Kurapihkan sedikit kerudung dan mengancingkan jaket bagian bawah yang lepas.”Iya, baik terima kasih pak.”

Aku bergegas. Kubuka pintu mobil, dan menuju ke ruang ICU. Sudah lama aku tak ke rumah sakit ini. Terakhir pada 2010 lalu saat menjenguk saudara yang kebetulan sedang sakit demam berdarah. Banyak sekali yang berubah terutama di fisik bangunan.

“Boleh tahu di mana ruang gawat darurat sus,” tanyaku kepada seorang perawat jaga yang berada di ruang pendaftaran.

Sang suster pun dengan ramah menjawab, “Mba bisa lewati lorong itu, lalu belok ke kanan, di sana letaknya ICU.” “Terima kasih Sus.”

Aku berjalan melewati sebuah lorong. Lampu neon berpendar, tanda hari masih gelap. Hanya beberapa orang yang terlihat. Mereka sebagian besar adalah penunggu pasien.

Dari jauh kulihat tulisan “ICU”. Aku pun mempercepat langkah kaki ini. Di sana tampak Bulik Jum, Ibu Siti yang tak lain ibunya Randi, dan Aris adiknya Randi.

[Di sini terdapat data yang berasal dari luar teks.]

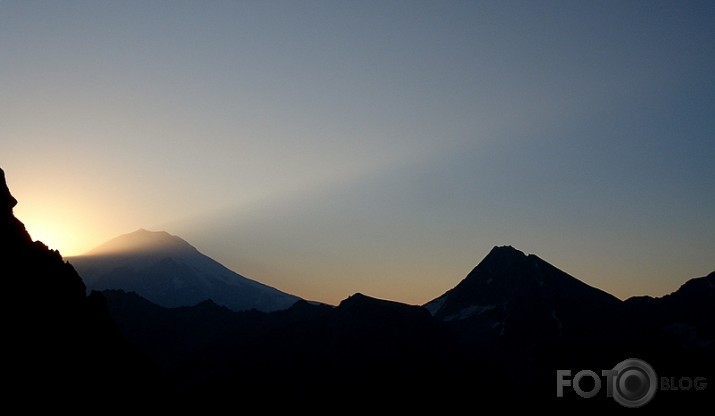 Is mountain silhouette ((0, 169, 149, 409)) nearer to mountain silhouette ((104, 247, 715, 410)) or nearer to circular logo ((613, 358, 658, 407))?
mountain silhouette ((104, 247, 715, 410))

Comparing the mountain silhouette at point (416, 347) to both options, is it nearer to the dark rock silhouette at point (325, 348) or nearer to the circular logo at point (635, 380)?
the dark rock silhouette at point (325, 348)

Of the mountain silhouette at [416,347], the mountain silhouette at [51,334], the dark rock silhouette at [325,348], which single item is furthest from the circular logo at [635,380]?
the mountain silhouette at [51,334]

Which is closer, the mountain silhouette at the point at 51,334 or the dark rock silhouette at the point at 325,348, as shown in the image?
the mountain silhouette at the point at 51,334

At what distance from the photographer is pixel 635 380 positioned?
94.1 meters

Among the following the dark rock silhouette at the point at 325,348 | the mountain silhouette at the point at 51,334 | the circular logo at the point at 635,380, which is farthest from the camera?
the circular logo at the point at 635,380

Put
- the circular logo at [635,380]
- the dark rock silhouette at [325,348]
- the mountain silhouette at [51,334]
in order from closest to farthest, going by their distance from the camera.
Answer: the mountain silhouette at [51,334], the dark rock silhouette at [325,348], the circular logo at [635,380]

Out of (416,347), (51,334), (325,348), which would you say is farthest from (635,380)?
(51,334)

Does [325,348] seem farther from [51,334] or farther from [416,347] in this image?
[51,334]

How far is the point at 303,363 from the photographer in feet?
431

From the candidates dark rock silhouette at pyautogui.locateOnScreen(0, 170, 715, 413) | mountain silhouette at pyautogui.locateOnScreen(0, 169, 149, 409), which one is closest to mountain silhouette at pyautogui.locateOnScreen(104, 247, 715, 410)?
dark rock silhouette at pyautogui.locateOnScreen(0, 170, 715, 413)

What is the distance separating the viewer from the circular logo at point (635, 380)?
306ft

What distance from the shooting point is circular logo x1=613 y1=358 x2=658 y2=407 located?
9312 cm

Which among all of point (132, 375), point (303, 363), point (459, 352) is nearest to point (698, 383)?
point (459, 352)

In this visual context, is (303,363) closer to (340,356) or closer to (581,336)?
(340,356) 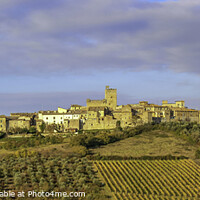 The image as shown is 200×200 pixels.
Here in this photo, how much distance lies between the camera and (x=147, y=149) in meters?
66.6

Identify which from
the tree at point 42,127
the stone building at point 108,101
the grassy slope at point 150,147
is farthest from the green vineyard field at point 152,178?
the stone building at point 108,101

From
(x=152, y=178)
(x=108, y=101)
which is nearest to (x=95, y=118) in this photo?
(x=108, y=101)

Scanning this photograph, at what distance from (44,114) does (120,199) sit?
52.7 meters

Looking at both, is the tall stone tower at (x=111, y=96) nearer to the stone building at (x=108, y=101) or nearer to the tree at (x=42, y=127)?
the stone building at (x=108, y=101)

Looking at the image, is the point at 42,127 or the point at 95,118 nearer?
the point at 42,127

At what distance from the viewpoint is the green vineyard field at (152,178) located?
152 feet

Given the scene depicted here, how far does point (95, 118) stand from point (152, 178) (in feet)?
132

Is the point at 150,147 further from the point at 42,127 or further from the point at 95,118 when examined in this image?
the point at 42,127

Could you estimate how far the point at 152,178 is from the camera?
51.6 meters

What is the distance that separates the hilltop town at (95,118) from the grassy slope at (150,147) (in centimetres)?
1213

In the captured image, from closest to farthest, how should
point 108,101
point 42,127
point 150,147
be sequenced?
1. point 150,147
2. point 42,127
3. point 108,101

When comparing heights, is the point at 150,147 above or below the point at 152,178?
above

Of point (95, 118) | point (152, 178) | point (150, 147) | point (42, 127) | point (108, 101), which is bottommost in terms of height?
point (152, 178)

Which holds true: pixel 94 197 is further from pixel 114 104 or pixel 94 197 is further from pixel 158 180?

Ketiganya duduk di kursi depan ruangan unit gawat darurat dengan wajah penuh kecemasan. Saya datang mendekat, dan Ibu Siti langsung berdiri memelukku penuh erat. “Randi-Randi nak …,” kata Bu Siti yang tak kuasa menahan tangis

“Randi semalam demam tinggi, dan jam 03.00 sesak nafas. Awalnya kami kira sesak nafas biasa, tapi ternyata bukan.”

Ibu Siti sesegukan. Aku pun tak sanggup menahan kesedihan. Air mata jatuh tanpa aba-aba. Ku coba menyeka, tapi tetap tak bisa tertahan “Jadi sekarang bagaimana kabarnya Randi bu,” tanya ku memberanikan diri.

Bulik Jum menyela, “Nuwun sewu Dik, Randi saat ini sudah tak sadarkan diri. Dokter bilang kondisinya kurang baik, dan ia dibantu oleh ventilator.”

Bulik menuturkan, tim dokter yang menangani Randi juga tak sembarangan. Dokter dan perawat mengenakan alat pelindung diri berwarna putih seperti pakaian astronot. Dokter bilang bahwa Randi sudah masuk ke ruang isolasi. Dia sudah masuk dalam daftar Pasien Dalam Pengawasan (PDP) Corona.

Aku pun tertegun. Pikiranku semakin kacau. Dunia seperti mau kiamat. Bagaimana mungkin seorang Randi bisa tertular virus yang belum ada obatnya tersebut. Apakah ia benar-benar positif? Apakah ia bisa selamat?

Hal yang membuat Rima semakin kaget adalah usia Randi yang boleh dibilang masih muda. Pada Desember mendatang Randi baru berusia 30 tahun. Randi juga tidak mempunyai rekam penyakit bawaan.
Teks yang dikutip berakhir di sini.